Jobs for the Disabled?

Innovation IconThe fact remains that in America and around the world, job opportunities are limited for those with disabilities.  According to Department of Labor statistics, those with severe disabilities are more likely to be employed when they have higher levels of professional qualifications.  The statistics in this job market do show that unemployment among the disabled is more the 17 percent, but the reality is much more severe as those who are not seeking work are not counted in those figures.  Actually it is said that less than 20 percent of the disabled actually have work.

What gives?  Hasn’t all the laws promoted a more integrated society, where disabled and nondisabled work together.  Well laws change, but hiring practices of many companies haven’t changed.  The disabled are considered less productive and unwelcome.  People who are whole are considered damaged merchandise, so why should someone be given a job when a full bodied person with equal skills can be hired?  Also with the market in this shape, over qualified candidates without disabilities can do the work, and will.  The research shows that disabled workers are actually safer than non disabled because they know that getting a job is difficult and so they hold on to the jobs they get:

Thomas Schindlmayr in an opinion in the New york Times writes:

“I know of smart, capable people who have been turned down from jobs because of their disability. Why is this the case, when studies show that people with disabilities do as good a job, if not better, than the general population? A 30-year analysis by DuPont de Nemours showed that people with disabilities have equal or higher performance ratings, less absenteeism and better retention rates, thus reducing the high cost of turnover.  ( http://www.nytimes.com/2006/08/16/opinion/16iht-edthomas.2505347.html)

But whatever the reason, many firms will not hire disabled workers, so families with disabled children sometime go to extreme effort to get their children working.  One mother in a Chicago suburb, raised $25,000 and set up a company so that her son with Asperger’s could work.  Now the idea is great, but it seems impractical to have to start firms to be able to employee the disabled.  Here is the link:   http://www.npr.org/templates/story/story.php?storyId=123567371

Well innovation comes from the trials and tribulations of being disabled, and so it was no surprise to me to see how family will create something their kids can make a living at.  However it was a big surprise to me a recent ad campaign had in a national effort to encourage businesses to hire persons with disabilities (when will the reporter understand that handicapped is a derogatory term for those who are disabled and beg).

The ads are really funny, but  I’m not going into detail when you can read the article online yourself. Here is the link:



2 Responses to “Jobs for the Disabled?”

  1. 1 l. a. woman
    20/02/2010 at 5:01 pm

    Blind people in general, and particularly in California, have an exceedingly high unemployment rate. Do you think it has anything to do with how inadequately blind children are educated? Could it be that teaching people braille might enhance their employability? And funding special education? How about providing more skill training, social skills, rehabilitation funding, and so on? You can’t expect people to get employed when they are not properly prepared by SOMEONE.

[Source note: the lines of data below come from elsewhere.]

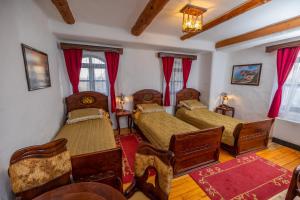 比耶利纳Ethno Village Stanisici的一间卧室配有两张红色窗帘
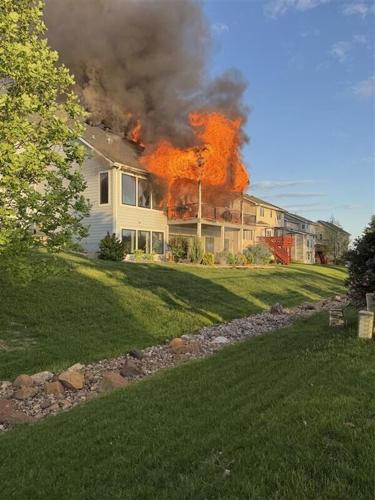 A Johnston home is a total loss after a fire on Sunday, May 10, 2026. Marek Dessimoz, a student at Dowling Catholic High School, helped save the home's sole resident.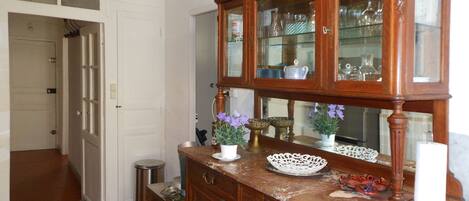 A wooden cabinet with glass doors containing kitchenware, a white vase with purple flowers, and a small trash bin.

  2. 22/02/2010 at 10:52 pm

    In my experience, any severe disability such as blindness causes several layers of difficulty for making employment connections. Many tasks require sight. Mental tasks are where individuals who are blind should focus. The higher level of education, the better equipped a person will be for finding the positive opportunities for work. As society drops the age old attitudes about blindness, the fetters of prejudice have loosened on the blind.

    Today New York State has a Blind governor, England has a MP (Paterson). Today we have scientists and doctors, attorneys and politicians. These achievements are substantial. Years ago, the blind were beggars — (living off SSDI). Work was not an option, except for making brooms and things. I know that some states have programs where the bind tend vending machines to make money, only slightly better than charitable programs.

    What the blind need is the best education possible. They need to be stirred form their early days into mental tasks if they have any slight bent for learning, than drive them into the scope of academic endeavors where they can become knowledgeable professionals.

    The information age is an age that can help the blind see a better future. Despite the failings of library database manufacturers (programs) and internet inaccessibility, the blind still have a better shot at getting to the knowledge that can help them attain the level of professional work that can make them stand on their own two feet.

    I do believe an able bodied person should work and not live off the government. Why shouldn’t the blind?

    So if Braille makes education work then provide it, but if electrical files are the pathway, then provide access to them. Just don’t give up the effort to persuade these students to go the whole way with a PhD or Master’s at least. They need terminal degrees, not AA or Bachelors degrees where even sighted peers can’t get jobs.